In theory yes that can work if you have a strong hive with 20 frames of bees.


----------



## RAK (May 2, 2010)

Using mated queens you could accomplish your goal. With queen cells you would need proper nuc placement. I have placed nucs into the oranges last spring with roughly 85% mating success. Just keep in mind that oranges dont always make honey. You might have to feed those nucs but that depends on year and location.


----------



## Father & Sons Apiary (Sep 4, 2013)

RAK said:


> Using mated queens you could accomplish your goal. With queen cells you would need proper nuc placement. I have placed nucs into the oranges last spring with roughly 85% mating success. Just keep in mind that oranges dont always make honey. You might have to feed those nucs but that depends on year and location.


]
Yes I will probably purchase not mated queens, but hatched queens. I am planning to use the 5 hive method (the way I call it), so I can increase my hive numbers and the following year to get around 500-800 hives. I am not depending on a honey crop at all so the hives can go into winter with enough stores.

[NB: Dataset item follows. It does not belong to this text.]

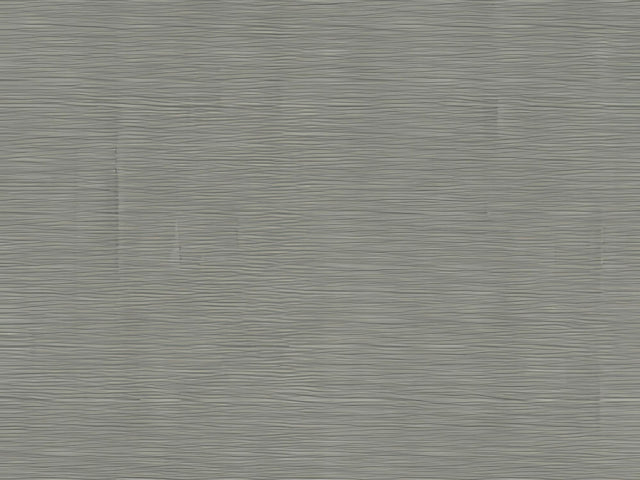 Sample of Kravet Sunbrella Grey 16235 - 11 Soleil Collection Upholstery Fabric - Outdoor Fabric Central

I will be feeding them pollen-sub and hfcs and plus I have around 6 thousand drawn out deep frames, so the nucs will not have to draw out new comb, making them build up faster. After the oranges I will go to blueberries they start blooming on April 1st following that raspberries,blackberries, ect.


----------



## RAK (May 2, 2010)

Purchasing virgins is a bad idea IMO. You will have very poor acceptance...Your better off purchasing 2 queen cells per nuc. Picking up cells is the best $$ deal you could get for queens.


----------



## jim lyon (Feb 19, 2006)

http://hal.archives-ouvertes.fr/docs/00/89/22/17/PDF/hal-00892217.pdf


----------



## Father & Sons Apiary (Sep 4, 2013)

RAK said:


> Purchasing virgins is a bad idea IMO. You will have very poor acceptance...Your better off purchasing 2 queen cells per nuc. Picking up cells is the best $$ deal you could get for queens.

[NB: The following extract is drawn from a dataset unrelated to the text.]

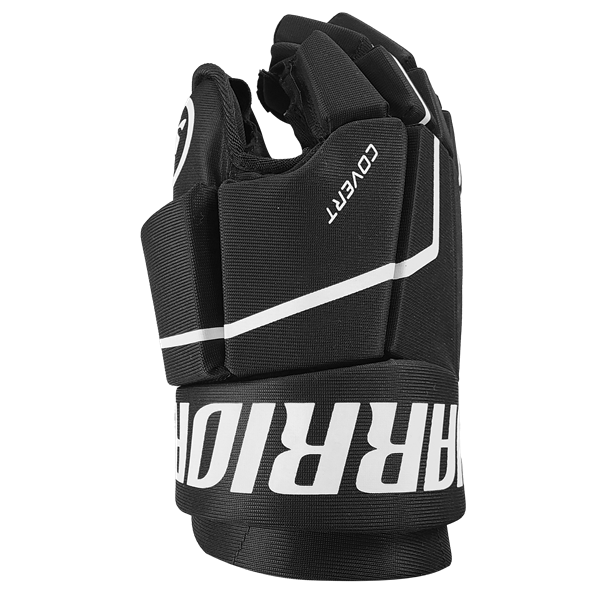 WARRIOR COVERT LITE Youth handschoenen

Yes I will probably purchase Queen Cells then because I have a budget I can get cells for $1 each instead of a mated queen for $20


----------



## camero7 (Sep 21, 2009)

I've had good success 75+% introducing virgins with Ammonium nitrate. My worst results were in styrofoam boxes and best results were in wooden boxes. I suspect there is some chemical reaction with the AN/styro. Nice thing about virgins is you know they are hatched and can see their size and configuration.


----------



## johng (Nov 24, 2009)

Very interesting article Mr. Lyon thanks!


----------



## babybee (Mar 23, 2012)

If you can buy queen cells for one dollar each I am assuming they are of high quality! Hahahaha. I am joking as I have 10 to 15 thousand annually in breeder queens plus less hives going to almonds plus the over all work of setting up and maintaining my grafting hives and yard. And the list goes on and on. And I sell the cheapest cells in my area and I can't compete with that price.


----------



## Father & Sons Apiary (Sep 4, 2013)

babybee said:


> If you can buy queen cells for one dollar each I am assuming they are of high quality! Hahahaha. I am joking as I have 10 to 15 thousand annually in breeder queens plus less hives going to almonds plus the over all work of setting up and maintaining my grafting hives and yard. And the list goes on and on. And I sell the cheapest cells in my area and I can't compete with that price.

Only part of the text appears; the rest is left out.